BOSTON -- They're still hitting just .248 as a team. Tuesday night's lineup featured three players hitting .204 or below. Their struggles hitting with men in scoring position (.225) have yet to be cured.

But somehow, someway, the Red Sox have managed to beat three straight aces -- reigning Cy Young Award winner Felix Hernandez Sunday; previously undefeated Jered Weaver Monday; and Dan Haren Tuesday.

At the time, each of the three starters began with the best ERA in the American League. And each time, the Red Sox figured out a way to win.

"I think we're playing crisp baseball," offered Terry Francona by way of explanation after the Sox beat Haren and the Los Angeles Angels of Anaheim, 7-3, Tuesday night. "We've faced some good pitchers. You go into these games knowing you're probably not going to knock them around. They're some of the best pitchers in baseball. And they're hot."

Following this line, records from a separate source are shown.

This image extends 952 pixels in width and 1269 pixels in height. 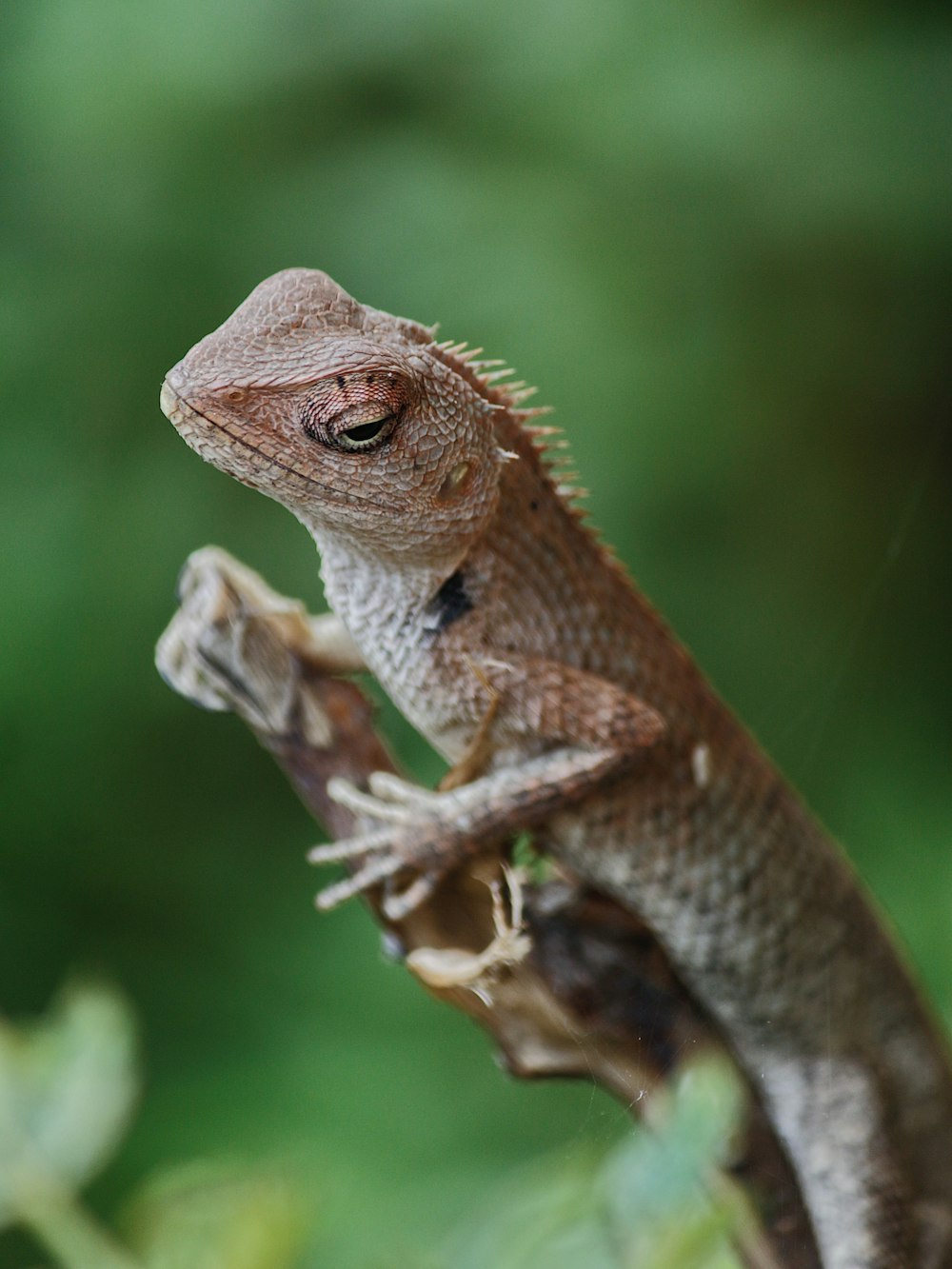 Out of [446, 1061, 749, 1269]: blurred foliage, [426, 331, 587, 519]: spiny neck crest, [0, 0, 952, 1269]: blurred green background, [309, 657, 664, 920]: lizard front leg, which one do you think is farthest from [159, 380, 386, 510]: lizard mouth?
[446, 1061, 749, 1269]: blurred foliage

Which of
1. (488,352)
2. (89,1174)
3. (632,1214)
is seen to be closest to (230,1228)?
(632,1214)

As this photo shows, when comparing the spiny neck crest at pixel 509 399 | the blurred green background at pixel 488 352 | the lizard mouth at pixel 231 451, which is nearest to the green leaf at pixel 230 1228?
the lizard mouth at pixel 231 451

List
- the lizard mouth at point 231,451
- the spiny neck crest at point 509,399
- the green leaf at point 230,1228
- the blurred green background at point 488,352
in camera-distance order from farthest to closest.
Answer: the blurred green background at point 488,352 < the spiny neck crest at point 509,399 < the lizard mouth at point 231,451 < the green leaf at point 230,1228

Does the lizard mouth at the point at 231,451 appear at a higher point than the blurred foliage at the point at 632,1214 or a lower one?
higher

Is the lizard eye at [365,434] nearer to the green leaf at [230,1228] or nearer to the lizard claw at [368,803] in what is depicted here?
the lizard claw at [368,803]

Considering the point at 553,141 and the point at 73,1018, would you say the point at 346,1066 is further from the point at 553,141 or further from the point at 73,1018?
the point at 553,141

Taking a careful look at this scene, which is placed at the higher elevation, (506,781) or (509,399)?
(509,399)

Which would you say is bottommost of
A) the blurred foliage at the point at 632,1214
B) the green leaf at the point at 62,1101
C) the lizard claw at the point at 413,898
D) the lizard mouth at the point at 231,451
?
the green leaf at the point at 62,1101

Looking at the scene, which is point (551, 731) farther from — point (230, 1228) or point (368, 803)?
point (230, 1228) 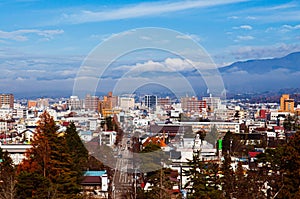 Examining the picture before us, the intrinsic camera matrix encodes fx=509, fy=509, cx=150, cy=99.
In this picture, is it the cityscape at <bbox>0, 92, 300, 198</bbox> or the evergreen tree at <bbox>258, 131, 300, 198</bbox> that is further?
the cityscape at <bbox>0, 92, 300, 198</bbox>

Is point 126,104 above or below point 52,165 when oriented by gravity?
above

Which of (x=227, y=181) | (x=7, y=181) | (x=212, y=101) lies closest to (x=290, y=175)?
(x=227, y=181)

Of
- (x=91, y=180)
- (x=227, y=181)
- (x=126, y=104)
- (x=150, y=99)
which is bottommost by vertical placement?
(x=91, y=180)

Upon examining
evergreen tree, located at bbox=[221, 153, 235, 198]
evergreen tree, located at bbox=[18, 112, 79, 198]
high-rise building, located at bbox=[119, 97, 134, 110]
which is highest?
high-rise building, located at bbox=[119, 97, 134, 110]

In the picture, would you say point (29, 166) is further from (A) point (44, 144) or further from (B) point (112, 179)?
(B) point (112, 179)

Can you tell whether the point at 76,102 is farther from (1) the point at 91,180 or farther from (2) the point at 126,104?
(1) the point at 91,180

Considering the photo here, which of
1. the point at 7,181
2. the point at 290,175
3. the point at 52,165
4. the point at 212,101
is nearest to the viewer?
the point at 290,175

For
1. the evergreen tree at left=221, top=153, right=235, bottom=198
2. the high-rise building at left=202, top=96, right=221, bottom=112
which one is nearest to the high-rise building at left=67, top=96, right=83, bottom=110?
the high-rise building at left=202, top=96, right=221, bottom=112

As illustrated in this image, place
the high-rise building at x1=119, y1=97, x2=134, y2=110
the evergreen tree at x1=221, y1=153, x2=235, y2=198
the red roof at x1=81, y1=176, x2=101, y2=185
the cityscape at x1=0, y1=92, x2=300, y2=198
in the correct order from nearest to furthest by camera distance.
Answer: the evergreen tree at x1=221, y1=153, x2=235, y2=198
the cityscape at x1=0, y1=92, x2=300, y2=198
the red roof at x1=81, y1=176, x2=101, y2=185
the high-rise building at x1=119, y1=97, x2=134, y2=110


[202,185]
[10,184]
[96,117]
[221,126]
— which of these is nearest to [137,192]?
[202,185]

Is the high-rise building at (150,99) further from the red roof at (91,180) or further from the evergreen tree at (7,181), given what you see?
the evergreen tree at (7,181)

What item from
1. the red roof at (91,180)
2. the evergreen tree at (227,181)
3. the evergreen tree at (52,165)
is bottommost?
the red roof at (91,180)

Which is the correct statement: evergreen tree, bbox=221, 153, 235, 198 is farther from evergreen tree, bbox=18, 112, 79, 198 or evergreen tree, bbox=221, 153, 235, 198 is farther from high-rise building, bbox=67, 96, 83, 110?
high-rise building, bbox=67, 96, 83, 110

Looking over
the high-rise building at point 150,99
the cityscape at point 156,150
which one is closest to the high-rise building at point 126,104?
the cityscape at point 156,150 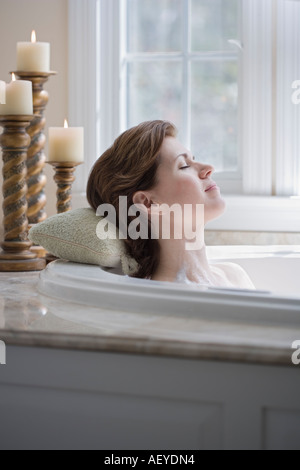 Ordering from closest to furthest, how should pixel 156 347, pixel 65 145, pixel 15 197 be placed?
pixel 156 347 → pixel 15 197 → pixel 65 145

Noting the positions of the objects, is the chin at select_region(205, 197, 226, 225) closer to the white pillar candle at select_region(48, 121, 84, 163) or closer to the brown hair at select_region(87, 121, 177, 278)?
the brown hair at select_region(87, 121, 177, 278)

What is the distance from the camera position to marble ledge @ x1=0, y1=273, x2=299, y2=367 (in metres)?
1.21

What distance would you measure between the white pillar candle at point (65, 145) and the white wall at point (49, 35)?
0.74 meters

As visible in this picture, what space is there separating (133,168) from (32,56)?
20.4 inches

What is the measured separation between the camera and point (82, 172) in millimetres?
2955

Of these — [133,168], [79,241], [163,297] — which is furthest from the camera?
[133,168]

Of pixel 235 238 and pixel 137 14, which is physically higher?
pixel 137 14

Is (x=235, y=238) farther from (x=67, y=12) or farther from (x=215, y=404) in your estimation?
(x=215, y=404)

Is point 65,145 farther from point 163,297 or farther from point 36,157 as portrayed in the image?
point 163,297

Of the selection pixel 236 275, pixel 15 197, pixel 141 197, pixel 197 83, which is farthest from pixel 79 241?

Indeed, the Sox did not bash any of the trio. Hernandez allowed just two runs over seven innings. Weaver was charged with three over six innings. Haren gave up four in seven-plus innings.

But each time, the Red Sox used the same successful formula: they drove up pitch counts, did more damage against the bullpen, and tellingly, got terrific outings from their own starters.

In fact, over the three games, Red Sox starters compiled an ERA of 1.86, compared to 3.15 for Hernandez, Weaver and Haren.

"When you beat guys like that," said Red Sox infielder Jed Lowrie, "you've beat some of the best in the game."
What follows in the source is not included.